*** Opening Dataset entries ***

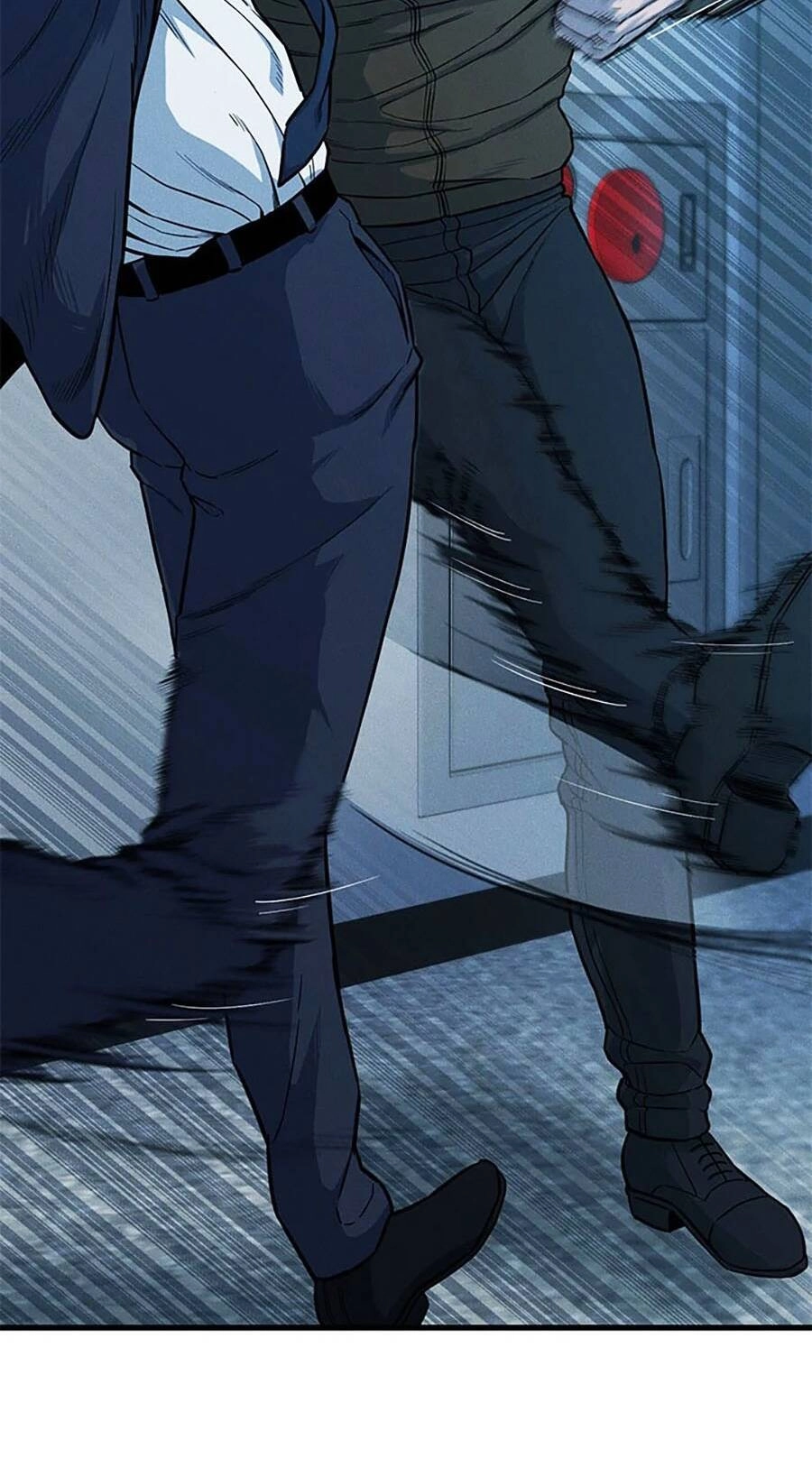 Gương Mặt Tâm Thần Chapter 16 - 16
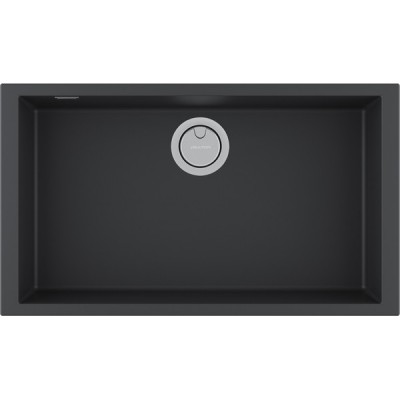 Мойка Paulmark Neo classic 76 PM967644-AN, anthracite Мойка Paulmark Neo classic 76 PM967644-AN, anthracite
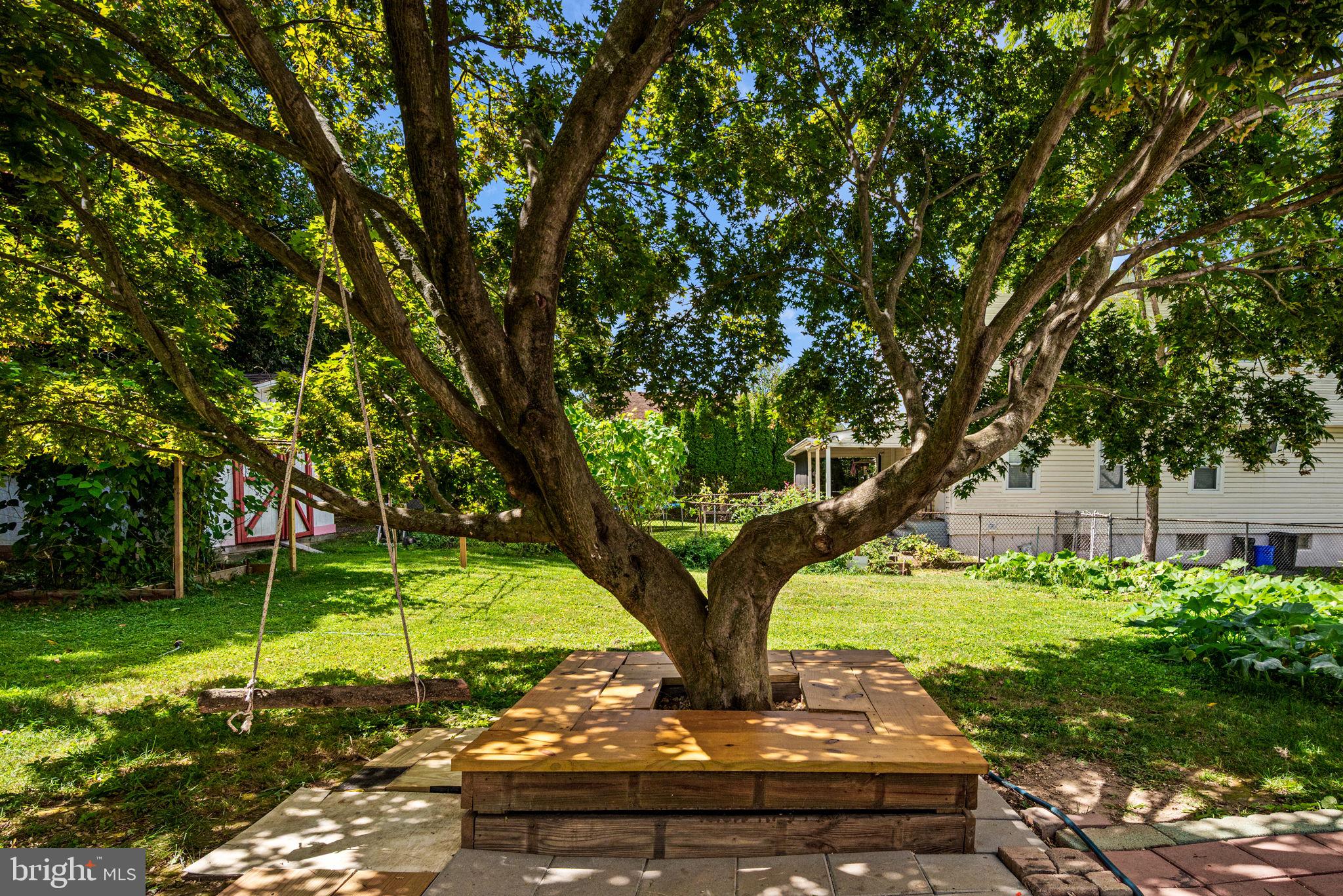 DREXEL HILL - Residential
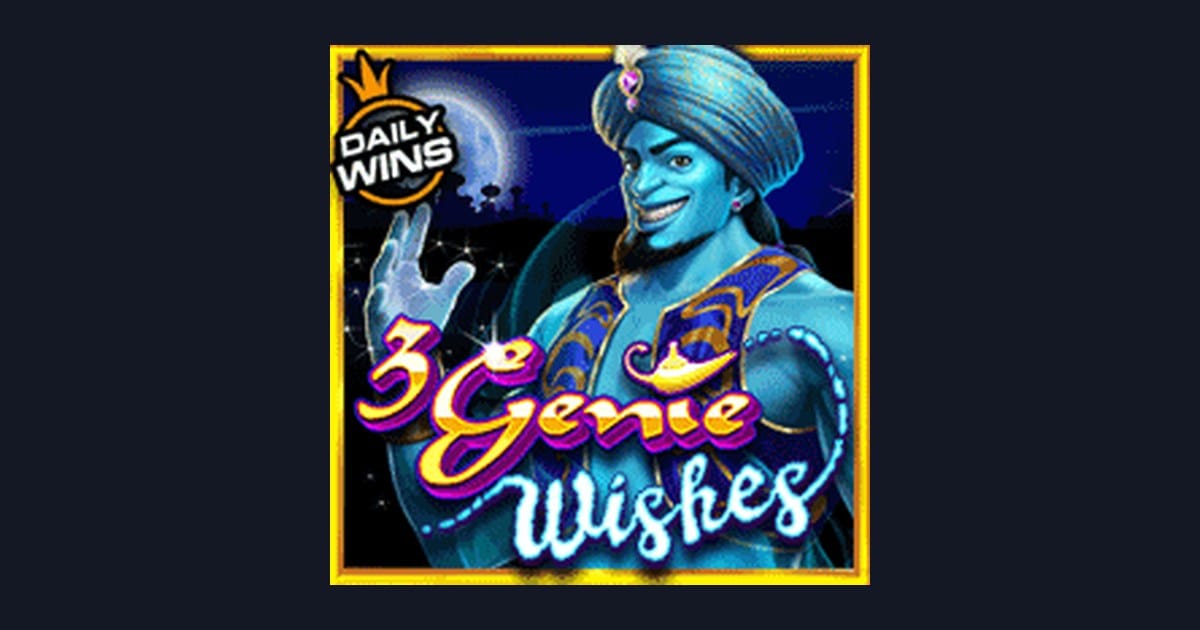3 Genie Wishes: Tips Bermain Slot Online & Strategi Slot Pemula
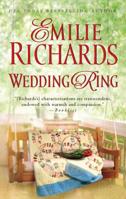 Wedding Ring 0778315428 Book Cover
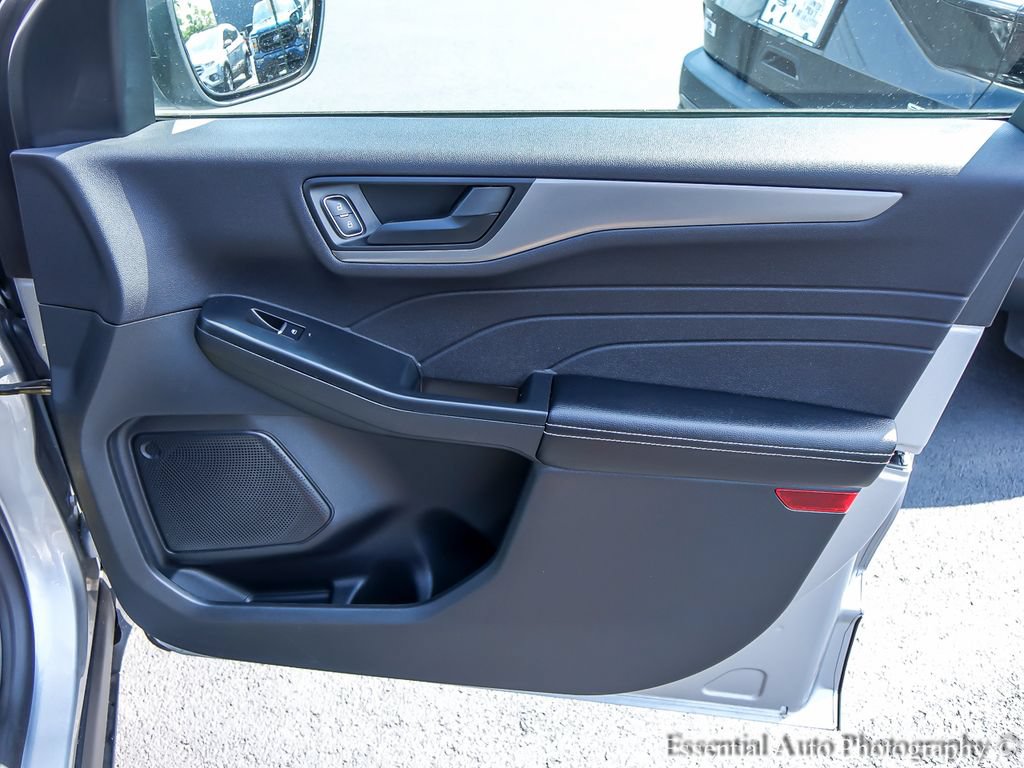 Used 2024 Ford Escape Active FWD image 22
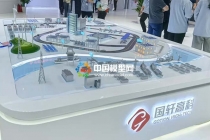 工商業(yè)儲能沙盤模型廠家,戶用儲能沙盤模型,儲能模型定制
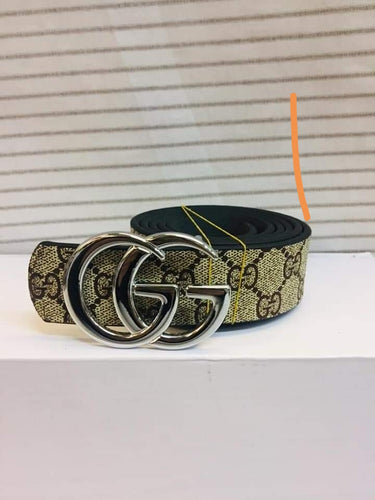 Belts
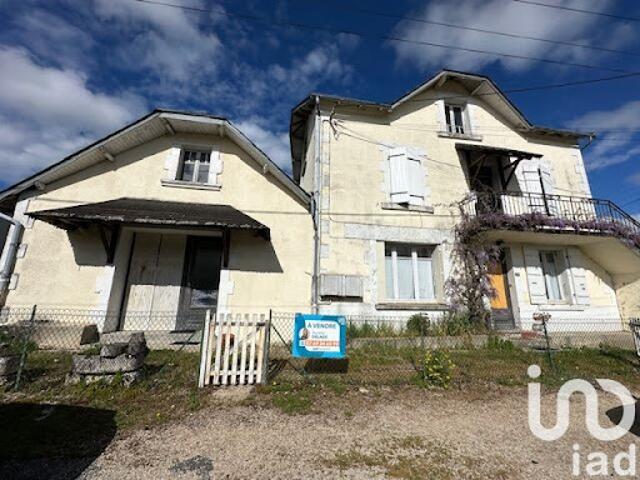 Maison vente à Gorses, Lot
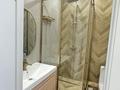 2-комнатная квартира · 55 м² · 9/16 этаж, Жандосова 94/8 за 370 000 ₸ в Алматы, Бостандыкский р-н — фото 8
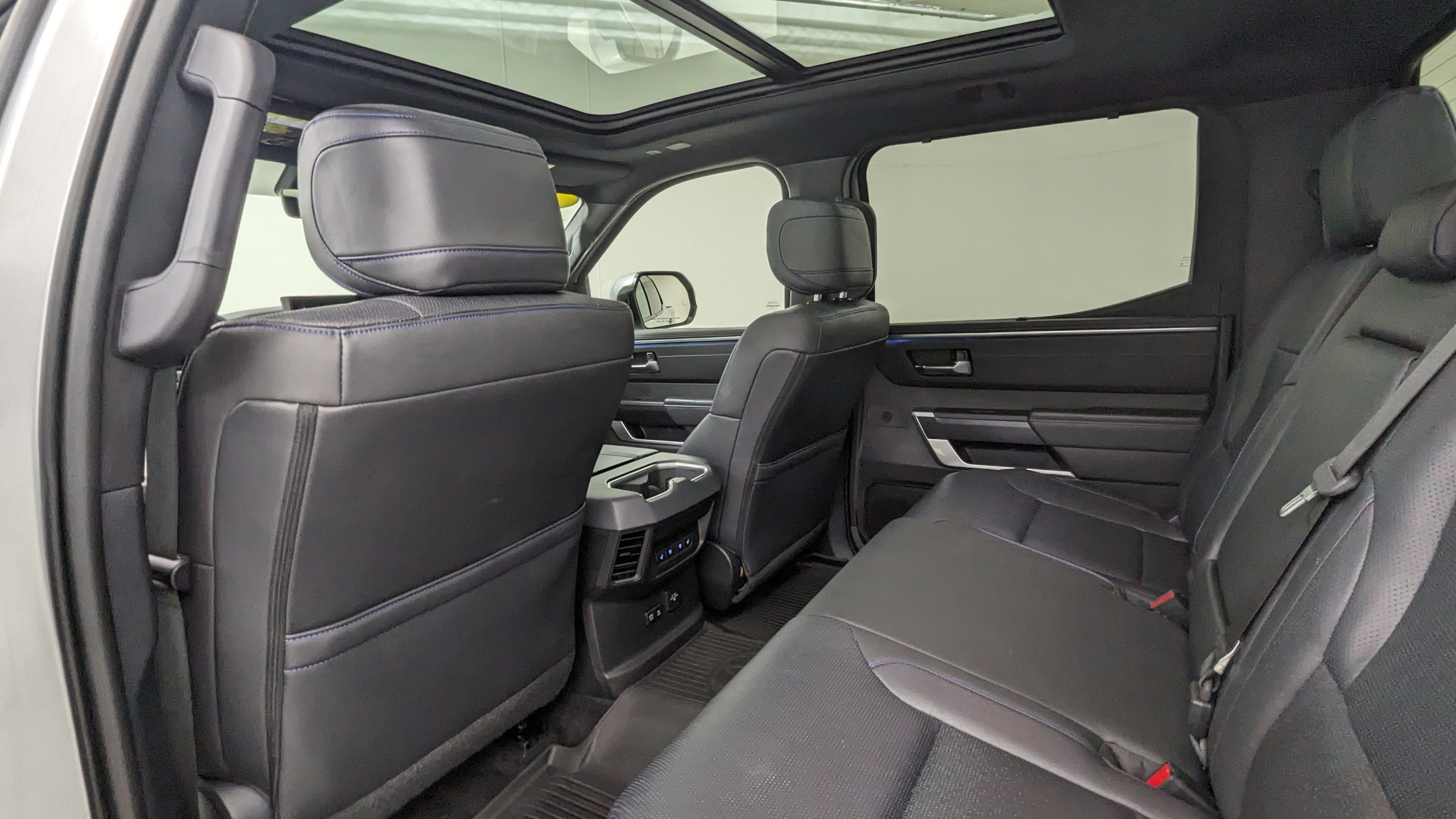 Car Exterior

*** Closing Dataset entries ***

**Exercise prompt:** What the answer needs is every line from the one with "DREXEL HILL - Residential" through the last line of the data, reproduced word for word and with pictures omitted.

**Result for this task:**
 DREXEL HILL - Residential
3 Genie Wishes: Tips Bermain Slot Online & Strategi Slot Pemula
 Wedding Ring 0778315428 Book Cover
 Used 2024 Ford Escape Active FWD image 22
 工商業(yè)儲能沙盤模型廠家,戶用儲能沙盤模型,儲能模型定制
 Belts
 Maison vente à Gorses, Lot
 2-комнатная квартира · 55 м² · 9/16 этаж, Жандосова 94/8 за 370 000 ₸ в Алматы, Бостандыкский р-н — фото 8
 Car Exterior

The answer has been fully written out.